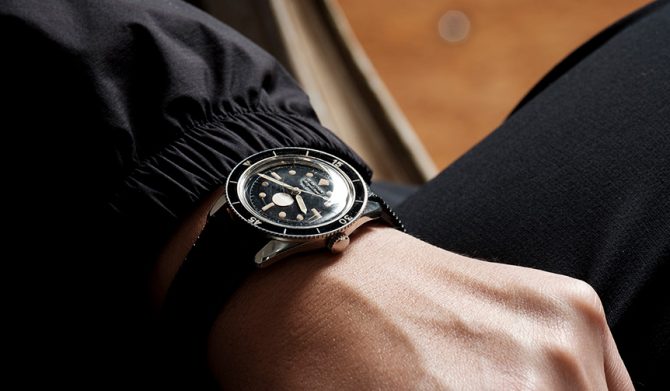 BLANCPAIN｜ブランパン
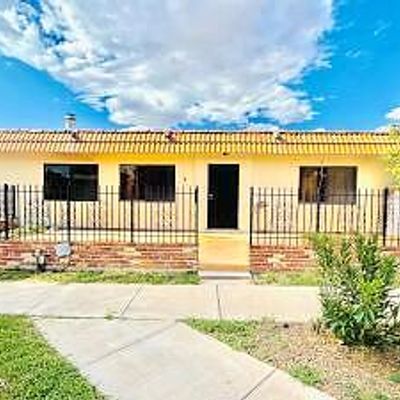 2550 E 15 Th Street 402, Douglas, AZ 85607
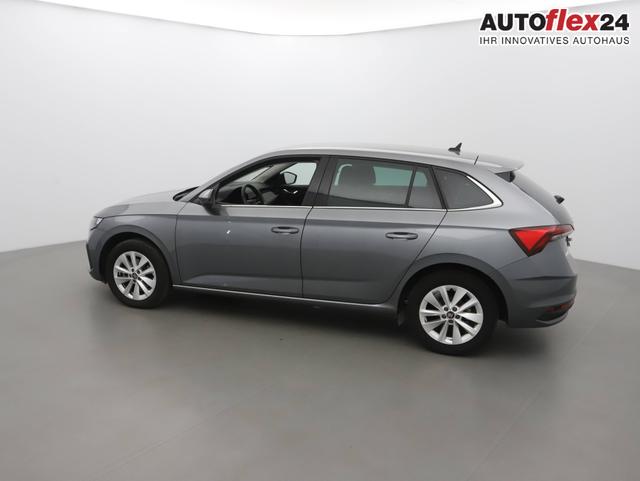 Skoda Selection 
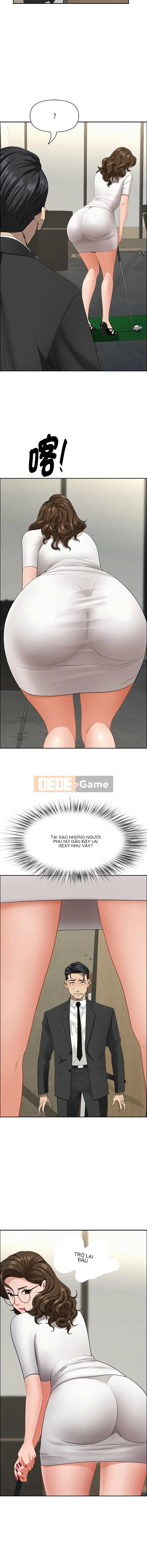 Vệ sĩ độc quyền của người phụ nữ quý tộc Chương 31-32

## [PROMPT]
Except for the pictures, give all the material above again verbatim.

## [ANSWER SECTION]
 BLANCPAIN｜ブランパン
 2550 E 15 Th Street 402, Douglas, AZ 85607
 Skoda Selection 
 Vệ sĩ độc quyền của người phụ nữ quý tộc Chương 31-32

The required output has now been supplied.